22 SES 07 B, Teaching and Learning: Reflections & Skills
Public universities are expected to play a formative role in contemporary societies by providing advanced knowledge through cutting-edge research and graduating students who will engage as responsible citizens in society (Bergan, Harkavy and Land 2013). Such goals are often elaborately articulated in university strategic plans (Sutphen et al, 2018) though the plans may not be clear either about what makes cutting-edge research or the formation of responsible citizens. This paper focuses on the latter, drawing on recent studies on intellectual and epistemic virtues (Baehr, 2016; Baehr, 2013; Paul, 2011), such as qualities as being responsible. The use of DC has helped us identify intellectual virtues, such as courage, as well as helping us be deliberate about how to foster virtues we value.
This paper explores the uses of collective and individual practices for reflection on intellectual virtues. Its purpose is to suggest practices designed for reflecting on intellectual virtues among academic staff and leaders. The practices are part a pedagogy one of the authors has developed for higher education, which is based on principles advanced by John Dewey and Juergen Habermas, and dubbed deliberative communication (DC) (Englund, 2006). The practices are designed to create conditions wherein participants are prompted by a problem to reflect on their beliefs, articulate them, and then come to a consensus about how to solve or move forward with the problem.
Englund (2006) suggests the following are needed to achieve deliberative communication:
Different views are set against each other and arguments for each are presented.
There is tolerance and respect for the “specific other” and participants learn to listen to the other person’s argument.
Elements of collective will-formation are present, or reach consensus; if not consensus then to reach temporary agreements while also acknowledging and drawing attention to differences.

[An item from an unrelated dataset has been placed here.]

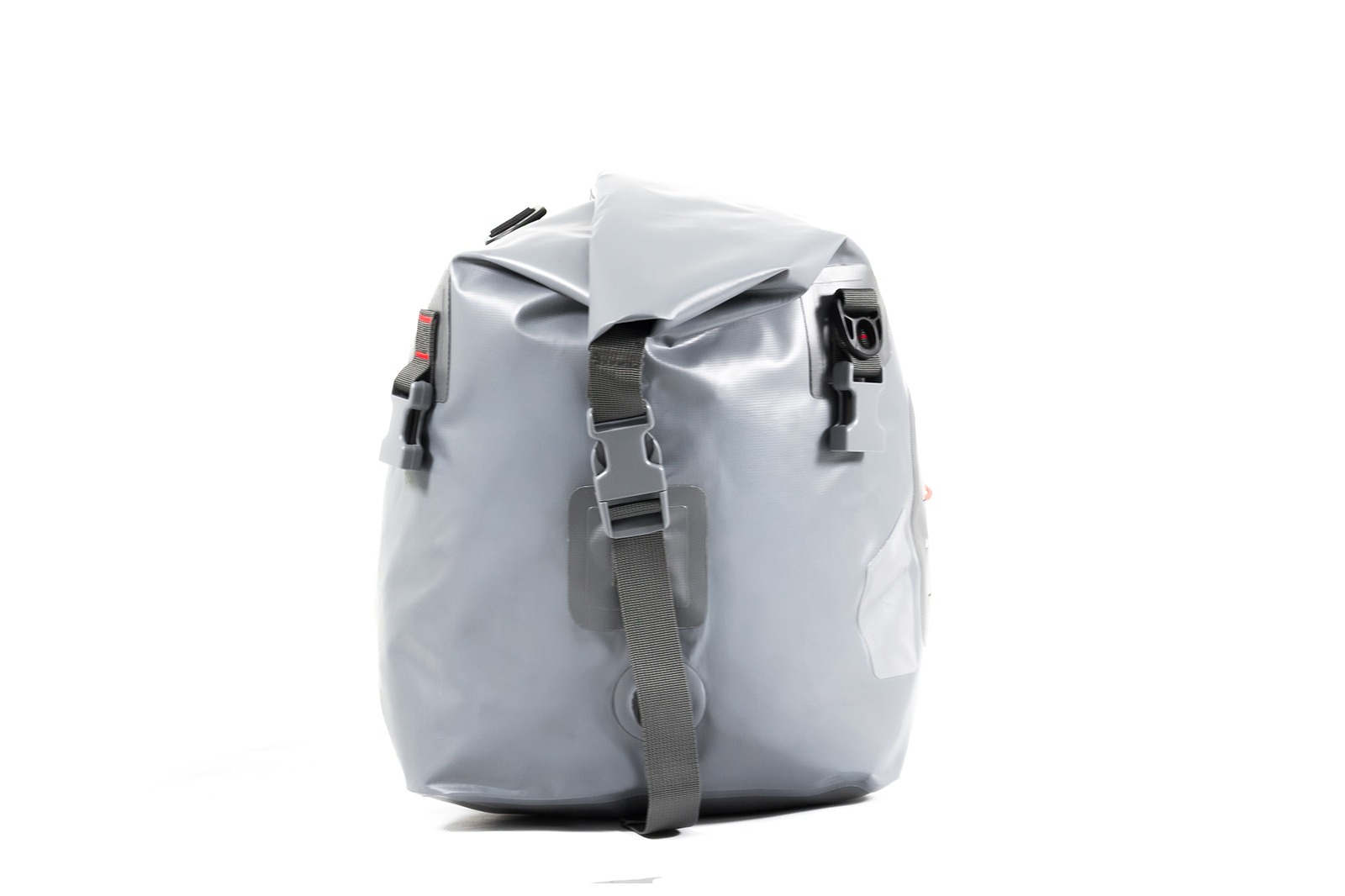 Maleta impermeable FP 30L para viajes de aventura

All are given opportunities to question authorities and/or traditional views and opportunities to challenge one’s own tradition or point of view
All in a group are encouraged to communicate and deliberate both inside and outside of a formal setting (such as a course or meeting), in other words: argumentative discussions between students aiming to solve problems or shed light on issues from different viewpoints is encouraged in a range of contexts.
The five conditions DC asks participants to enact certain intellectual virtues, such as courage or open-mindedness.
We will present a case study in two parts. One part of the case study consists of an analysis of an academic developer (AD) from a Swedish University who uses DC to lead a discussion among doctoral supervisors on the question “What is PhD education (good) for?” Although in this context, the use of DC has several purposes, this paper will analyse how the reflective practices inherent to DC provide a structure for doctoral supervisors to reflect on the purposes of doctoral education. DC encourages a relational and collaborative approach to supervision, where having an open mind and being willing to challenge one’s thinking on a topic are privileged. The second part of the case study consists of analysis of the use of DC by community of researchers who study DC, a community that includes the AD who led discussion among doctoral supervisors.
We aim to articulate how DC might be used to help class participants to enact intellectual virtues, specifically courage during a discussion. We also explore how individual and collective reflections might be in tension with and invigorate each other. Our research questions are:
What intellectual virtues does DC foster?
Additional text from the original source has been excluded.